Announcing Megaparsec

Hello!

I’d like to announce the release of Megaparsec, a fork of Parsec that has been in the works for the past 2 months. There’s a lot of improvements and bugfixes under the hood – as well as a new test suite with 128 Quickcheck tests covering 80% of code (Parsec has only 3 tests, by the way) – but first I’d like to explain why a fork was needed, since forking a popular library is a pretty drastic measure and should be accompanied by an explanation. (A disclaimer: I’ve been given permission to announce the library, but I’m neither the author nor an expert on parsing.)

Some links:

If you ever had any ideas about what Parsec should’ve done differently, or what amazing new combinators it should include, etc., post your ideas here: https://github.com/mrkkrp/megaparsec/issues.

Why fork Parsec instead of writing a new library

There are many parsing libraries on Hackage; Parsec was one of the first to appear, and it’s still the one that is recommended to beginners when they ask about doing parsing in Haskell. Most other libraries aren’t exactly trying to compete with Parsec – instead they explore new directions.

Like it or not, it remains a fact that a lot of people are being recommended Parsec, a lot of people are using Parsec, and a lot of people will probably continue to use Parsec since there’s no clear alternative to it. Writing a new and different library probably won’t change it. Even new and similar libraries (trifecta and attoparsec are similar enough) haven’t removed the need for Parsec, only mitigated it somewhat. Perhaps one day trifecta or something else will completely replace Parsec, but right now we still have to put up with Parsec. So, what we need (or at least what would be nice to have) is simply a better Parsec.
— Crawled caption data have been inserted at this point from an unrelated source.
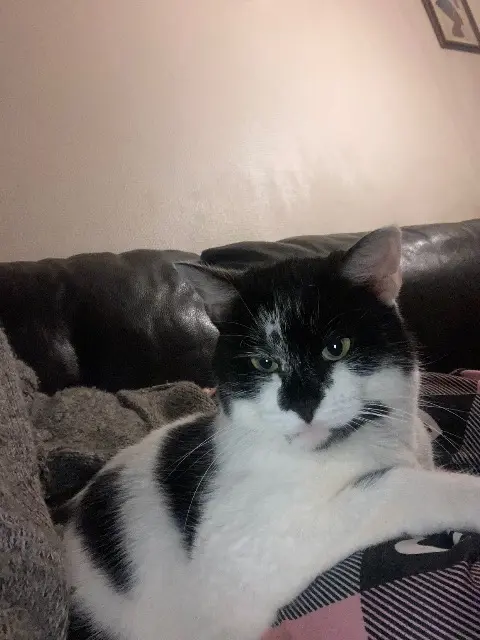 chatte lost   64000 Pau Mimi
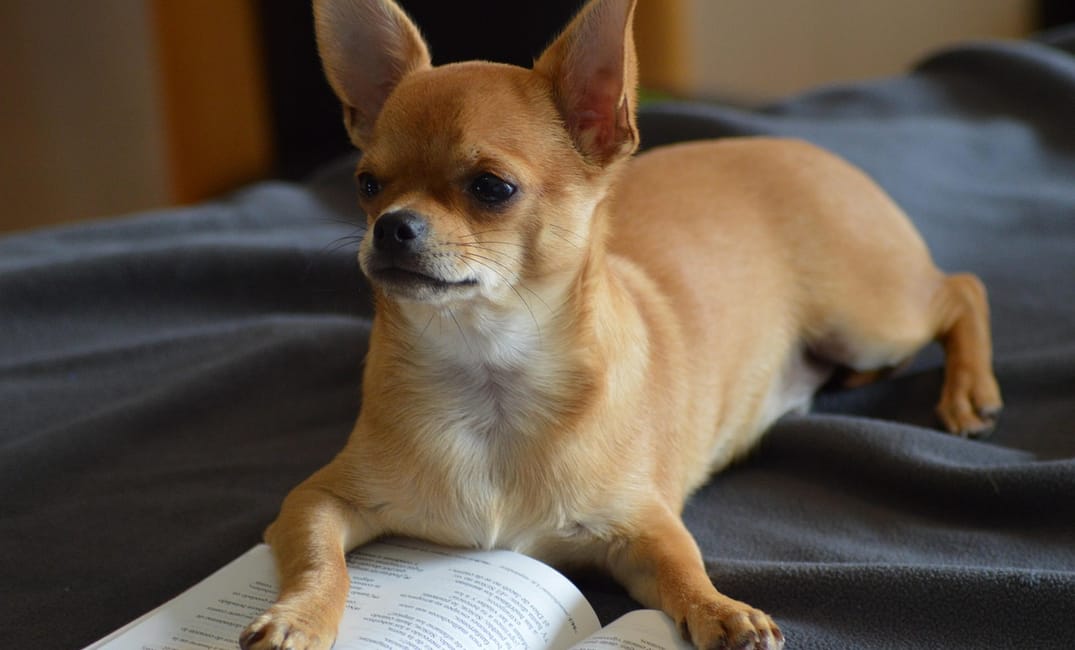 How to Make Grooming Less Stressful for an Older Dog
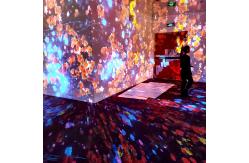 China Projection Screen System Holographic Immersive Dynamic Digital Art supplier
What’s wrong with original Parsec

Parsec’s development has stagnated long ago; you’d have a hard time getting your pull request merged, even if the only thing it does is fixing a typo (I’m not even talking about anything more controversial than that). Parsec isn’t perfect or bug-free, and there is a need for those pull requests – just look at its Github page, where you’ll find 8 unmerged PRs (and 9 open issues): https://github.com/aslatter/parsec.
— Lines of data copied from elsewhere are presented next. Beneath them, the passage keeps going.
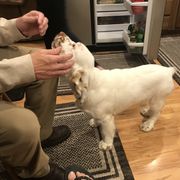 Clumber Spaniel Puppies from Lake Desire Clumber Spaniels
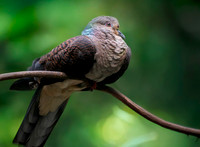 Barred cuckoo dove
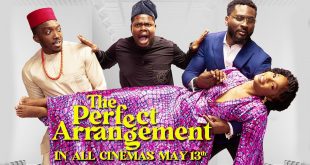 The Perfect Arrangement review: A Lackluster love story with wasted potential
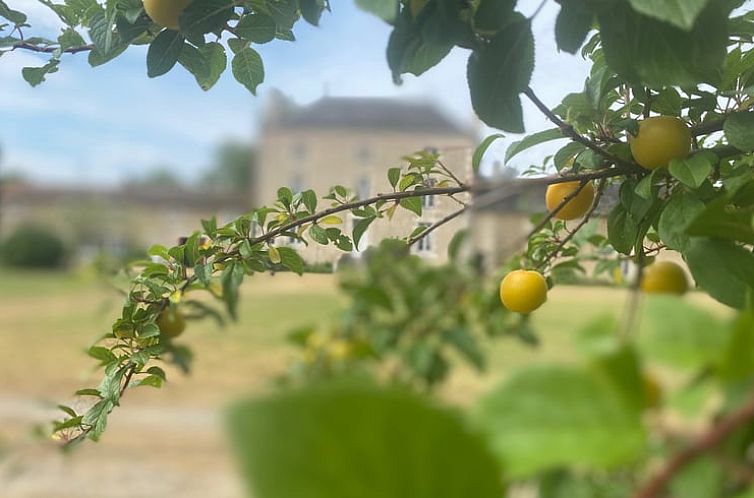 Vakantiehuis in Journet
In addition to things that could be fixed but simply aren’t, there are some inconveniences (and bugs!) that are hard to fix without breaking backwards compatibility:

In short, there may be a lot of value in improving Parsec – and that’s where Megaparsec comes in.

What is Megaparsec and how is it different

Megaparsec “reboots” the development of Parsec. It’s not backwards compatible, but it is compatible enough to avoid having to rewrite all Parsec tutorials, and code written for Parsec can be converted to use Megaparsec pretty mechanically. Given that, I would recommend using Megaparsec instead of Parsec from now on, unless you need compatibility with GHCs older than 7.10.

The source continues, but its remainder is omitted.